|UFDC's Miss Unity|
Then the Spring 2014 issue of UFDC's Doll News had an article by AnneLise Wilhelmsen, with patterns for four outfits for Miss Unity. There was also a paper doll by Gael Shults, featuring some of the same outfits. Immediately I went to the UFDC website to buy Miss Unity. The patterns were the tipping point. They were in the style of 1830's clothing, and as the story of Hitty in the original book began in the 1820's, Miss Unity would fit right in with my little Hitty family. I had been looking at Miss Unity on the UFDC website for several years, and I was lucky to have bought her when I did, for she sold out shortly thereafter.
I made four outfits for my Miss Unity. Three of the dresses are made with print fabrics. In the early 1800's, the fabric printing process was greatly improved, and prints became very popular. I went to the Reproduction Fabrics website to find 1830's appropriate prints that I liked and downloaded swatches. I then miniaturized the prints in Photoshop, to make them a realistic size for Miss Unity. I then had to copy-and-paste the swatch enough times to print out on a 12x15" sheet of fabric, which was more than enough for each of the dresses.
The second dress has a fabric pattern borrowed from Reproduction Fabrics. I was trying to get a darker background color, but when printing on very light, thin fabrics with a computer printer, there's a limit to how much ink will be absorbed and thus a limit to how dark the fabric will become. A thicker fabric will absorb more ink and thus can appear considerably darker. I added a belt to this dress, copying the paper doll green print dress.
The third dress has the most complicated design.
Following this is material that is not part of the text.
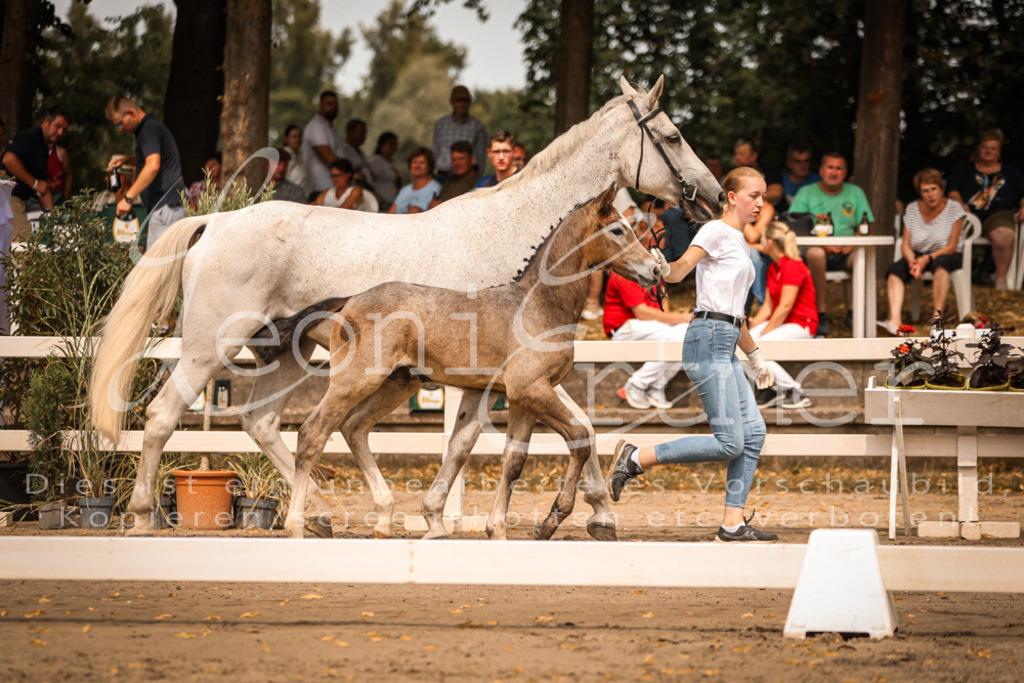 SaPA00067 | Leoni Ertmer Photography - Realisiert mit Pictrs.com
The pattern instructions had the skirt pieced, so that the stripes ran vertically in the upper portion of the skirt, and then alternating diagonals around the bottom portion. As I was printing the fabric for this dress from a computer, I just did all the piecing in Picasa. The sleeves also have a bit of an elaborate design. The sleeve heads have 4 rows of barrel pleating. A narrow piece of the stripe is then sewn over the bottom row of the barrel pleats as a trim.